A Cerimônia do Oscar: entre o cinema e o programa de auditório
(texto publicado na Revista Juliette, Ed6, abril/2009)

A cada ano, ao final de fevereiro, me fazem sempre a mesma pergunta: o que você achou do Oscar? E, a cada ano, eu me deparo com a mesma dúvida: estão querendo saber da qualidade dos filmes premiados ou do show televisivo? Querem saber se concordei com o mérito artístico da premiação da Academia de Artes e Ciências Cinematográficas ou se eu dormi antes do final do programa? Para mim é uma questão complexa porque não consigo separar uma coisa da outra. Aliás, me parece ser este o grande mérito da cerimônia digno de um texto: o intercâmbio comercial-narrativo-espetacular entre cinema e televisão.

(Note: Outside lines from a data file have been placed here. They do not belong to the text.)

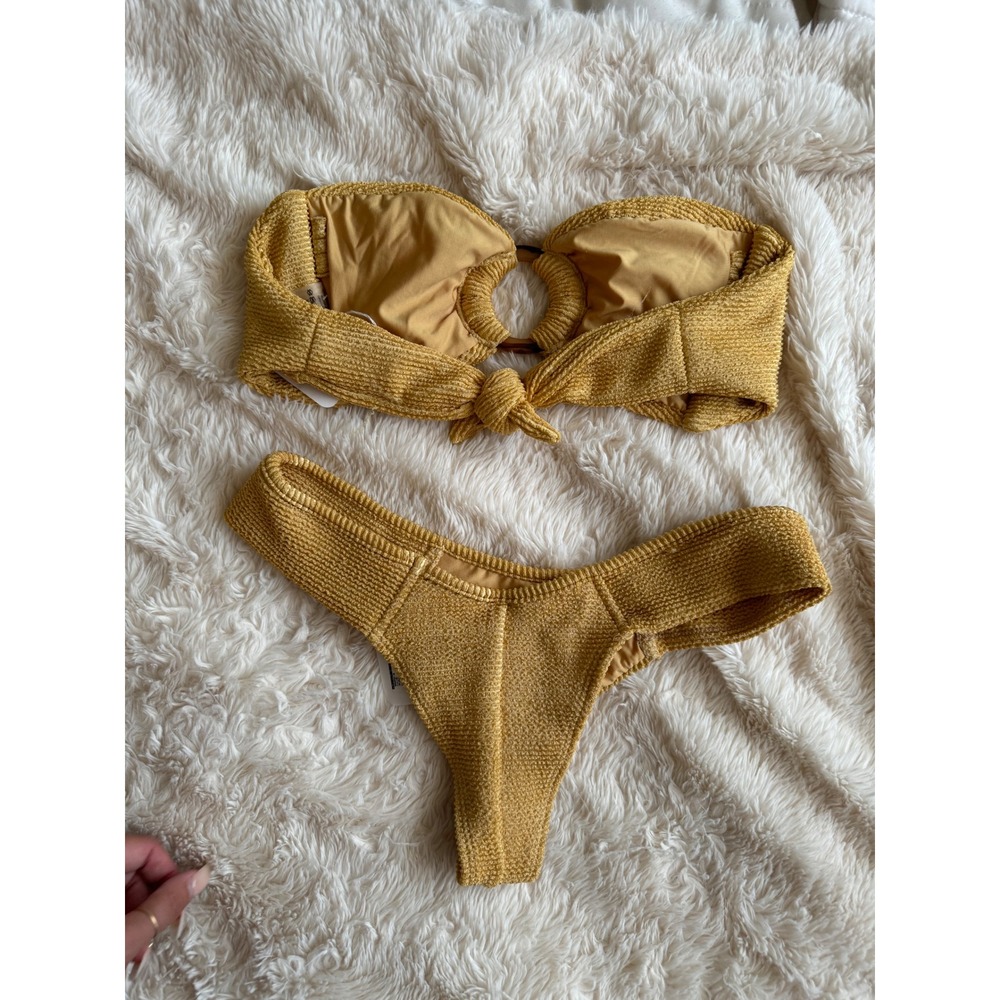 NWT Montce key Lime Tori Ties Bandeau Added Coverage Uno Bikini Set Size M - Picture 5 of 8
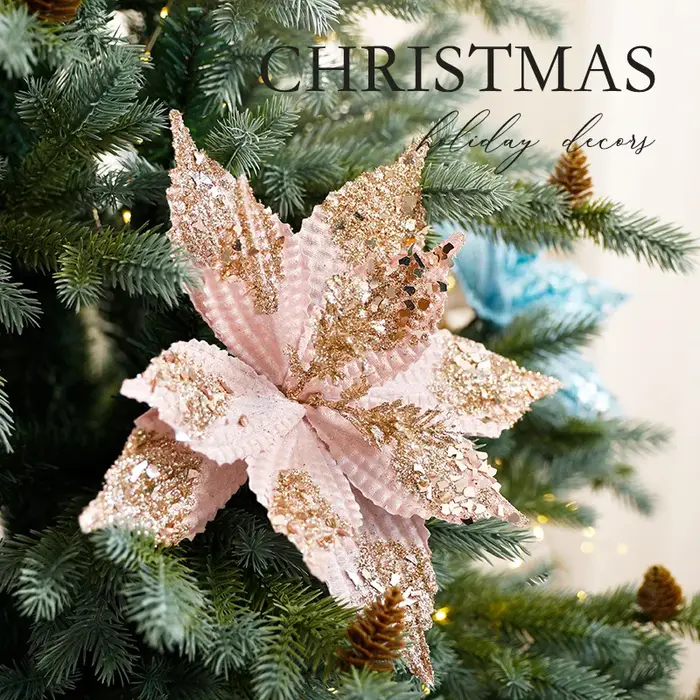 Fleur de noël bricolage rose clair simulation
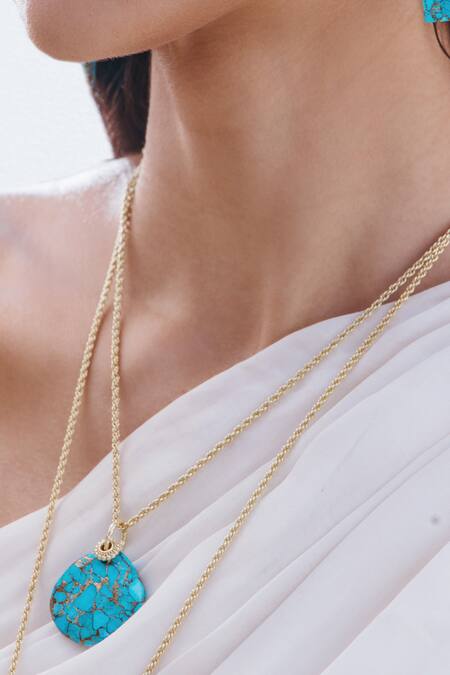 Buy Arvino Turquoise Medallion Pendant Necklace Online at Aza Fashions Buy_Arvino_Turquoise Medallion Pendant Necklace _Online_at_Aza_Fashions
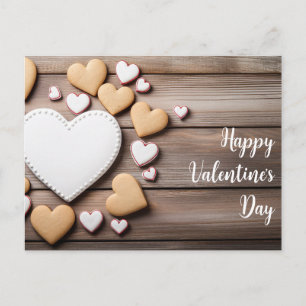 Heart shaped Cookies on wooden ground Valentine's Postcard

Para começar, tento responder a uma pergunta: por que o mundo liga a televisão para ver o Oscar? De modo geral, porque anualmente todos os países assistem aos mesmos pacotes cinematográficos hollywoodianos. Um programa de sucesso tem que ter algo de familiar, de apelo universal, e as implacáveis distribuidoras de filmes colocam o cinema norte-americano em 85% das telas da Alemanha, 68% do Japão, 90% de Israel e 90% do Brasil, por exemplo. Anos atrás eu assisti à transmissão da entrega do César, o "Oscar Francês" (mais uma prova da familiaridade que temos com este símbolo da indústria do cinema). Meu controle-remoto entrou em ação em menos de 30 minutos, tal era meu desconhecimento da variedade de filmes, atores, diretores e técnicos que dificilmente chegarão em outros continentes.

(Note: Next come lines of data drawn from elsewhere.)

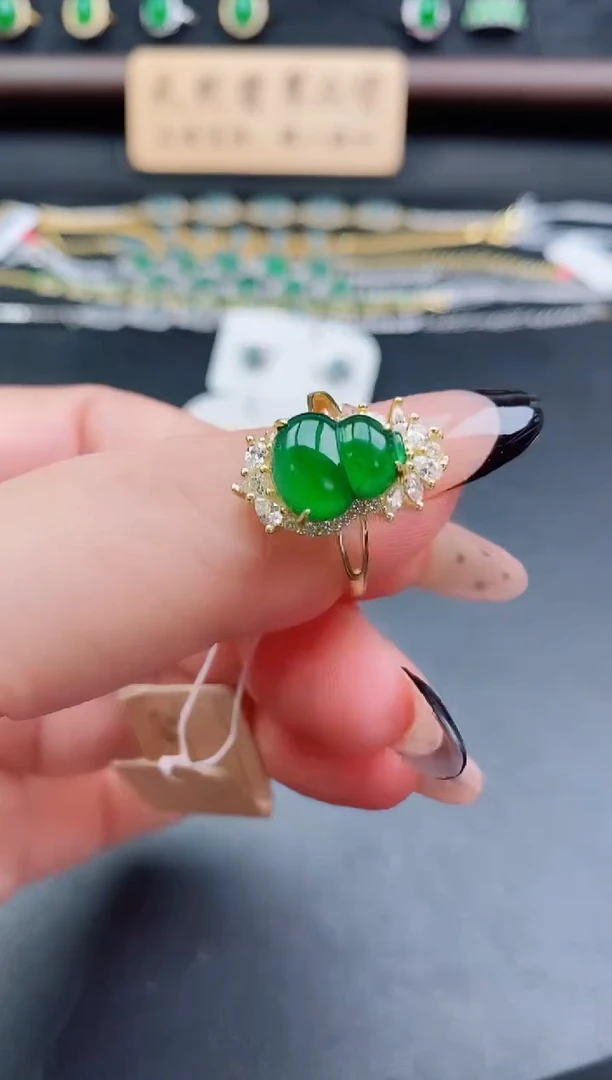 银S925镶嵌戒指翡翠1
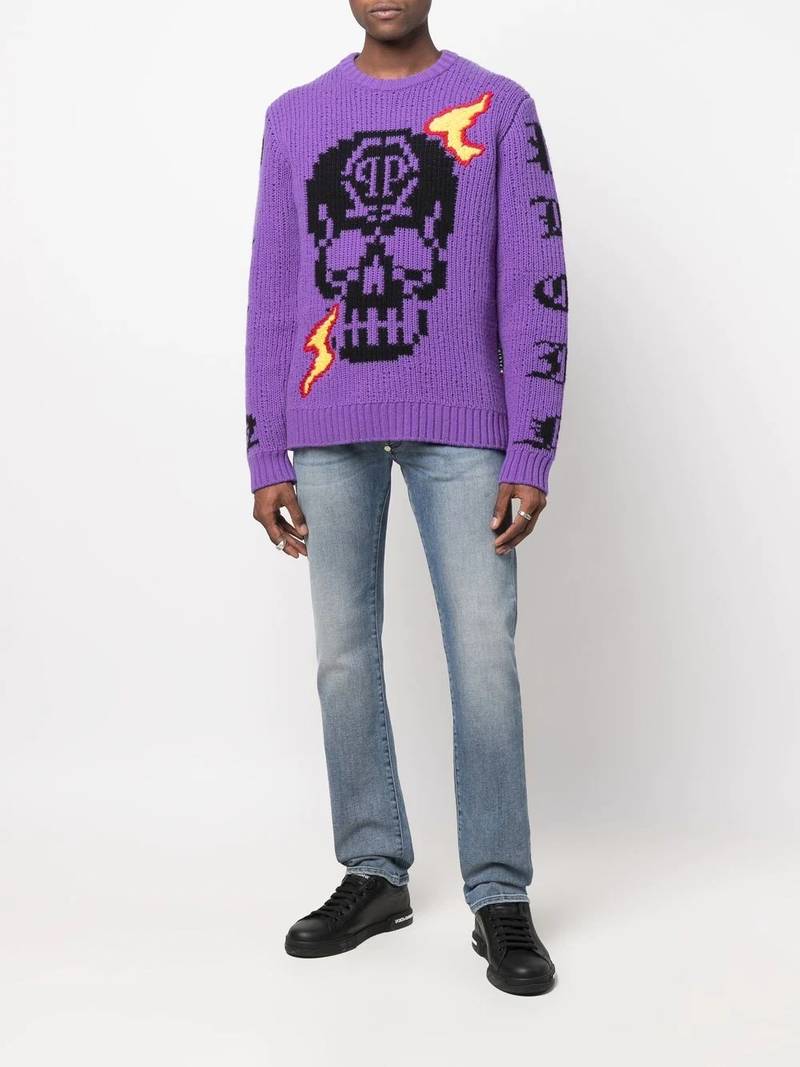 PHILIPP PLEIN Skull logo embroidered jumper outlook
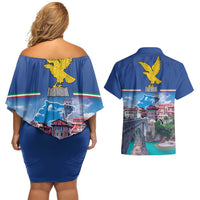 Friuli-Venezia Giulia Italy Couples Matching Off Shoulder Short Dress and Hawaiian Shirt Cividale del Friuli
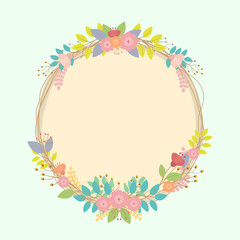 Vector floral frame template. Bright colorful spring flowers for invitations and greeting cards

Existe ainda uma outra hipótese para responder à pergunta anterior. Só que agora de caráter narrativo. Assistimos ao Oscar porque, assim como os filmes escapistas da indústria norte-americana, é um programa que não te desafia, te pega apenas pela emoção, que utiliza fórmulas já institucionalizadas e valoriza os discursos edificantes. E o espetáculo é grandioso, quase um épico, porque boa parte da platéia do Kodak Theatre e dos telespectadores não assistiram aos filmes em competição. O que tem que nos impressionar é a lógica hollywoodiana dos acontecimentos: as luzes, a trilha sonora comovente, a overdose emocional dos agradecimentos, o suspense da abertura do envelope, o glamour das roupas, a comoção com os perdedores, a descontração dos números musicais, o tom solene de alguns momentos como o In Memorian e o Oscar Humanitário, o humor despretensioso de alguns apresentadores, enfim, elementos que qualquer ser humano educado audiovisualmente compreende desde a mais tenra idade.

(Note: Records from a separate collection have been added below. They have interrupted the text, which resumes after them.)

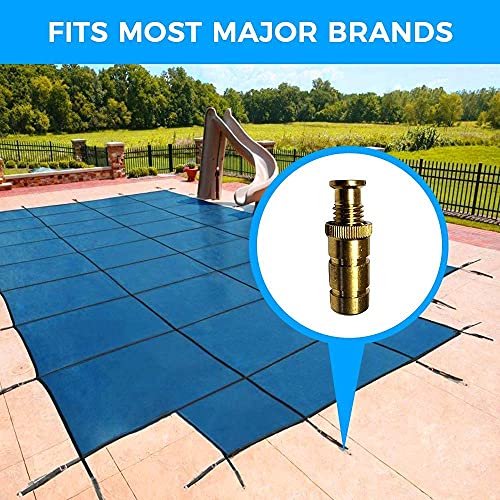 Wood Grip Pool Cover Anchors Concrete And Pavers Deck - Universal Size Fits 3/4" Hole - Best For Pool Safety Cover Installation - Durable Brass Pool Cover Anchors And Head Screw Bolts (5 Pack) #TOP6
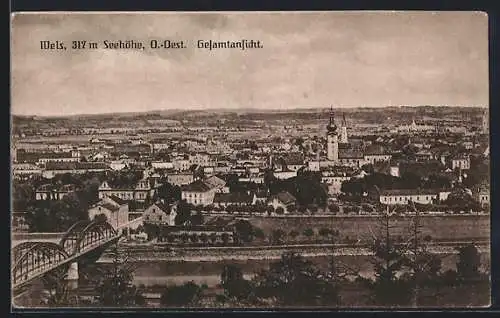 AK Wels /O.-Ö., Gesamtansicht aus der Vogelschau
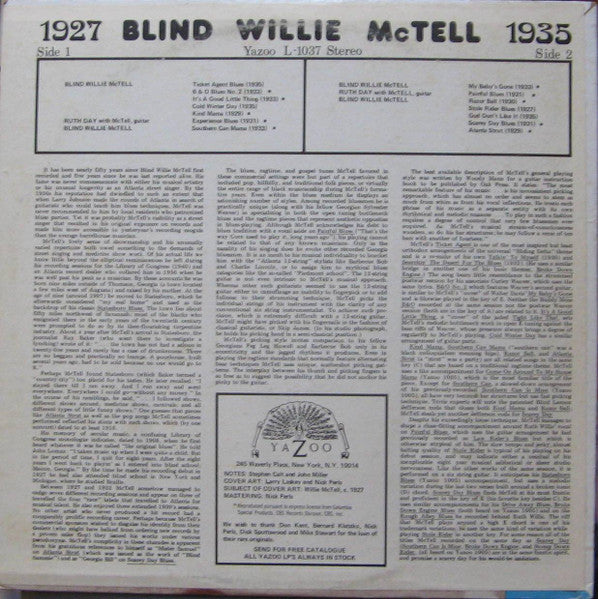 Blind Willie McTell: 1927 - 1935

A Cerimônia do Oscar pode ser vista como o primeiro Big Brother. Através dele, o mundo do cinema começou a desnudar seus heróis e a criar novos mitos a partir da mediação televisiva. O ano de 1953 marca o início das transmissões nos Estados Unidos. Em 1966, suas imagens chegavam ao vivo para a Europa e, posteriormente, para o resto do mundo. A cada ano, mais do que constatar a tendência de americanização do cinema mundial e a qualidade das campanhas de marketing, este programa de auditório nos ensina o que é a "excelência" do cinema: filmes tecnicamente bem feitos, com interpretações camaleônicas, uma história de amor com pano de fundo histórico e uma importante lição de moral. Titanic, de James Cameron, pelos padrões desta Academia, representa a perfeição cinematográfica, ao se tornar o filme com maior número de indicações (14) e premiações (11). E a vontade de "espiar" pela janela da televisão para conferir os vencedores é proporcional à bilheteria dos filmes que estão competindo. Foi com este blockbuster que, em 1997, arrastou multidões para o cinema, que o Oscar teve seu último grande índice de audiência.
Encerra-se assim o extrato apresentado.